The last times the S&P 500 cash index lost at least 3% then the futures market gapped down more than 1% the next morning was:

  • During the bottoming process in August 2015
  • During the bottoming process in August 2011
  • During the bottoming process in May 2010

It happened a handful of times during the financial crisis, which led to further losses, and a handful of times prior to that, which almost universally led to large rallies...except for the big one, Black Monday.

Even including the worst-case dates, futures did tend to show gains from the morning of the large gap down through the close 3 and 4 days later. 

What's notable about the current volatility is that it's occurring while stocks are still within correction territory. If we look for other large gaps following a big (2%) down day when the S&P was still within 10% of its peak, then we get the following.

Every one of them rallied over the next week. The sample size is small and the early May 2010 one *barely* squeaked out a gain, but otherwise it was very positive.

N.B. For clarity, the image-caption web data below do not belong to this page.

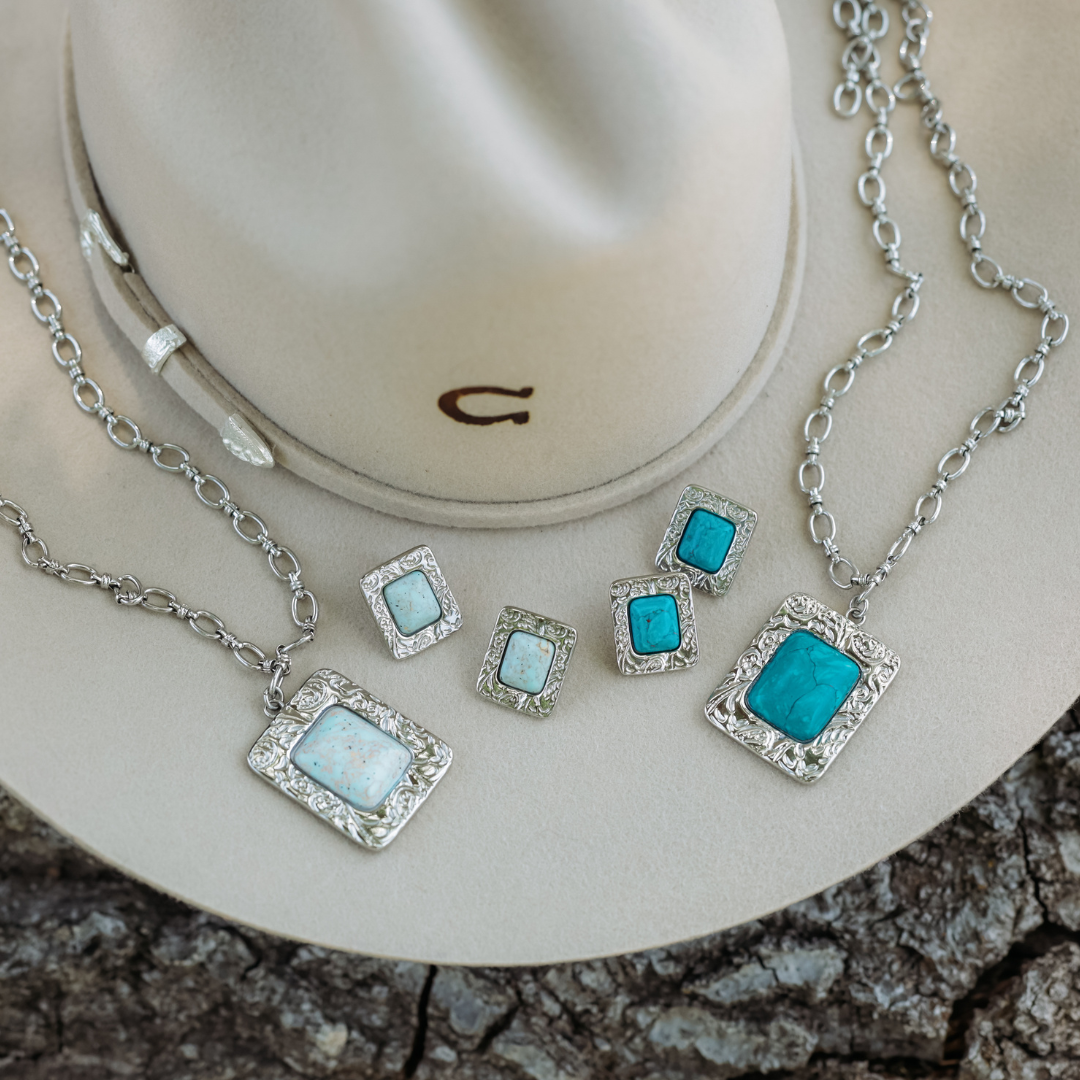 The Veryl—a striking statement silver necklace—along with three pairs of silver and turquoise or white stone earrings, are artfully arranged on a light beige cowboy hat atop a textured wooden surface, creating a classic display of Western jewelry.
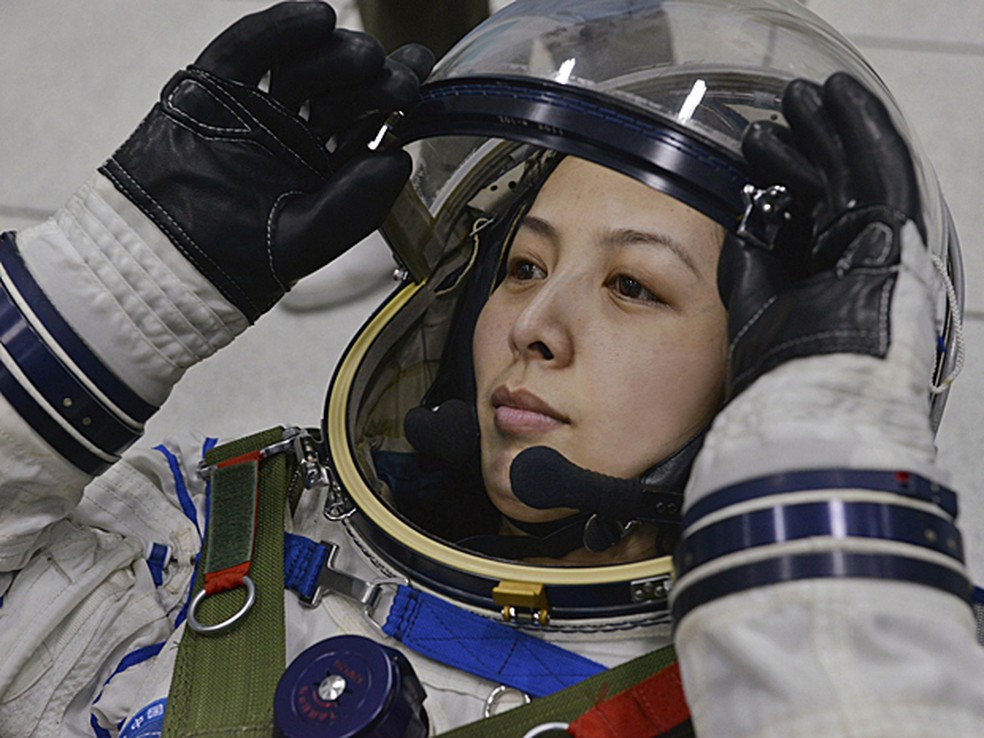 Astronauta chinesa Wang Yaping ajusta o capacete espacial durante treinamento em Pequim em 2013. — Foto: Reuters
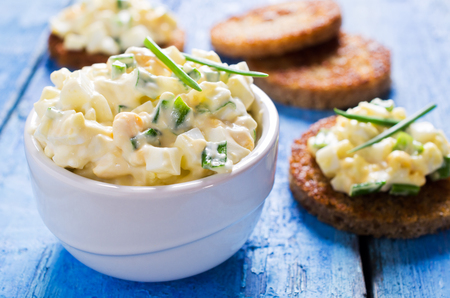 Egg salad with chives on a wooden background. Selective focus.の写真素材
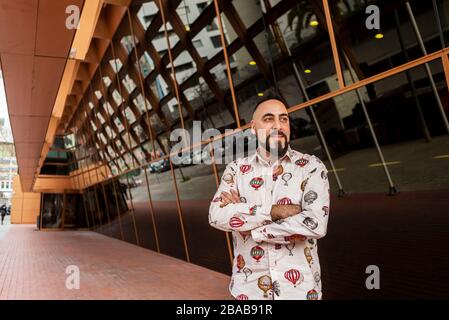 Bärtiger Mann mit gekreuzten Armen, während er gegen das Bürogebäude steht. Stockfoto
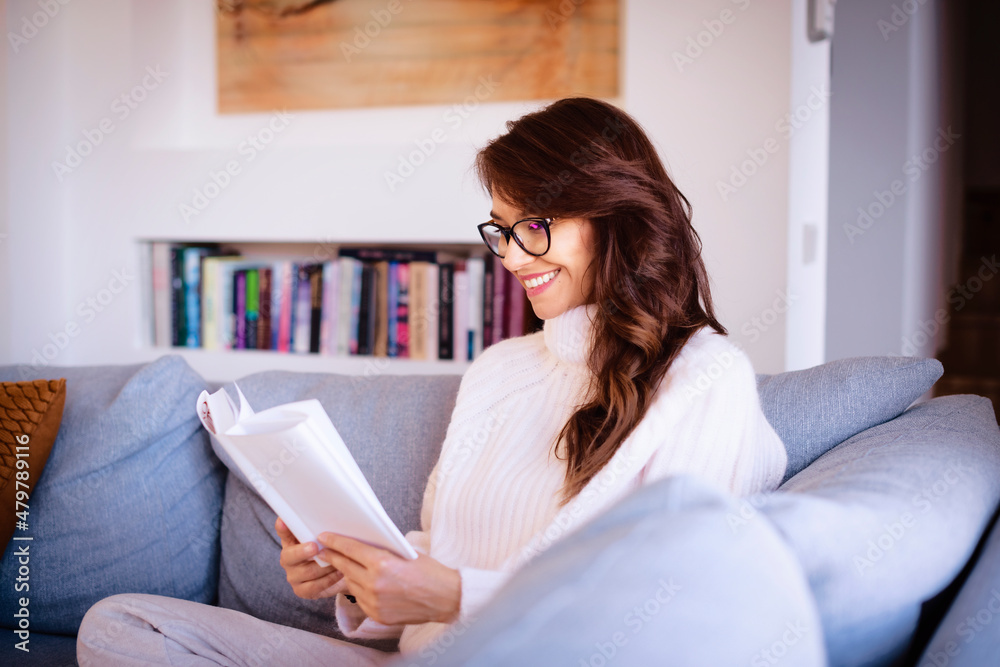 Attractive woman reading a book while relaxing at home Attractive woman reading a book while relaxing at home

There are compelling reasons suggesting that the selling pressure this morning is overdone based on news that was already known by the players involved in the arrest of the Huawei executive, but trying to guess what was known by politicians and what their response could be during a high-stakes game of trade negotiations is beyond the scope here.

Based purely on typical behavior following knee-jerk selling pressure after large losses, the early morning sales appear overdone and likely to reverse in the days ahead, except for the rare case of a crash, which is never a good bet.